Kemudian Ranieri baru bisa memberikan kemenangan perdana pada pertandingan pekan ketiga Ligue 1 ketika mengalahkan tuan rumah Troyes. Sejak itulah Ranieri membawa Nantes tidak terkalahkan selama enam pertandingan beruntun.
Hasil dari lima kemenangan dan satu kali imbang itu berhasil membawa Nantes ke peringkat empat klasemen sementara dengan raihan 16 poin dari delapan laga. Poin itu cuma tertinggal enam angka dari PSG sebagai pemuncak klasemen Ligue 1 sementara,
"Saya meminta untuk para pendukung untuk bersabar. Jika Anda bermain bagus dan Anda kalah satu atau dua kali, berarti Anda bermain dengan cara yang salah. Jadi yang terpenting adalah menang," tutur Ranieri.
https://twitter.com/GaryLineker/status/914913482629353474
Pertahanan Solid Menjadi Kunci Claudio Ranieri Bersama Nantes
Sebetulnya tidak ada yang spektakuler mengenai permainan Nantes ketika menyerang. Tiga dari kemenangan mereka saja cuma didapatkan mayoritas dengan skor 1-0. Pertahanan merekalah yang telah menjadi malapetaka bagi lawan-lawannya. Ranieri berhasil membuat pertahanan Nantes begitu solid.
Buktinya, Nantes cuma kebobolan satu kali dari enam pertandingan terakhirnya. Olympique Lyonnais yang membantai Nantes dengan skor 6-0 pada musim lalu sehingga membuat Rene Girard dipecat pun berhasil ditahan imbang 0-0. Fokus Ranieri bersama Nantes adalah lebih menjaga gawangnya dari kebobolan daripada mencetak gol.

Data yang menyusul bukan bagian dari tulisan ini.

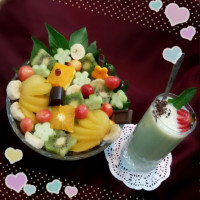 اسموتی طالبی.و میوه آرایی من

Ranieri sadar bahwa saat ini Nantes tidak memiliki penyerang haus gol seperti Jamie Vardy ketika masih membesut Leicester. Musim lalu, pencetak gol terbanyak Leicester adalah Sala dengan 12 gol. "Tujuannya yaitu untuk memiliki satu dari lima pertahanan terbaik di Prancis," cetus Ranieri yang berasal dari Italia itu.
Jean Petit yang pernah menjadi asisten pelatihnya ketika di Monaco memberikan bocoran tentang taktik Ranieri. "Timnya harus memiliki blok yang sangat rapat, setiap orang harus bekerja, bertahan dan menyerang. Setiap pemain tahu apa yang diharapkan darinya. Secara fisik, timnya berada di level atas. Lihatlah jumlah kemenangan Leicester yang terjadi di akhir pertandingan," beber Petit.

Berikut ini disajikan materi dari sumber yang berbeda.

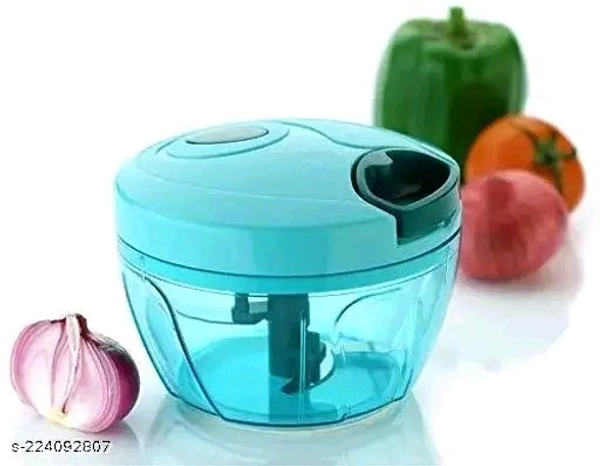 Compact Chopper with Blades effortlessly Chopping Big Size Kitchen Dori Handy Vegetable and Fruit Manual Onion Dry Fruit Salad Maker Vegetable Quick Chopper (450 ml, Green)Name: Compact Chopper with Blades effortlessly Chopping Big Size Kitchen Dori Handy Vegetable and Fruit Manual Onion Dry Fruit Salad Maker Vegetable Quick Chopper (450 ml, Green)Body Material: PlasticBlade Materi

Saat ini Ranieri tidak memiliki Vardy atau Riyad Mahrez untuk menunjukkan magisnya seperti yang dilakukannya bersama Leicester. Kendati demikian, Ranieri berhasil menciptakan unit bertahan yang kuat bersama Nantes. Jika melihat catatannya sejauh ini, masa depan Nantes terlihat berada di tangan yang tepat dan menuju arah yang benar.